You might call this the inside story. It’s not my purpose here to break the centuries-old taboo about the subject of poop. Rather, the idea is to justify its importance since everybody does it. And many of us enjoy talking about it—despite others like my mother who found it disgusting.

I heard a lot of toilet humor growing up, much of it generated by my father. He once brought home a record album called “The Farting Contest,” which featured remarkable noises and bawdy British humor. For that moment, at least, shit brought us together.

A college friend, John, told how when he was young he set fire to the toilet seat while lighting toilet paper to disguise the smell of what he called “stinkies.” His father was not pleased. Kids, we know, are into poop from an early age. In high school, Ed remembered his sister’s son coming down to a breakfast of pork sausages: “Look, mommy, grunt-grunt for breakfast.” Such stories remain blithely commonplace. My friend Phil once described an aristocratic fat woman devouring hors d’oeuvres at a cocktail party: “She was eating like she had seven rectums.” And so it goes.

Scatology in literature goes back to medieval times (see Pantagruel and Rabelais, for instance) and, before that, Aristophanes.

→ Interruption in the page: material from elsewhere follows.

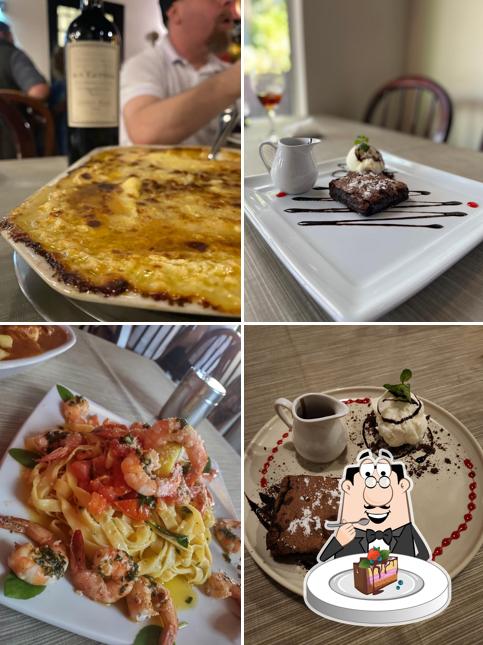 Bolo de chocolate em Frassini Trattoria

In modern high-brow literature it became increasingly taboo, though not for present-day comedians. Serious writers have seemed to avoid it, though Nathaniel West wrote a crazy satire in The Dream Life of Balso Snell (1931) in which the hero journeys through the intestines of the Trojan horse.

Personally, as some of you know, I’ve been afflicted with Irritable Bowel Syndrome for many years. OK, I’ll invoke the taboo here so as not to go into details. But I will say that the situation has made me very aware of how our gastro organs work and don’t work. We still don’t understand much of this.

Sex and porn are now all over the internet despite the efforts of right-wing Christians and others to stop them. Scatology, I predict, will be the next meme because poop is part of our under-culture and, like all “bad” things, it cannot be suppressed. The whole idea of breaking taboos is part of what created the internet. Trump’s gold toilet could well become the new symbol of our age.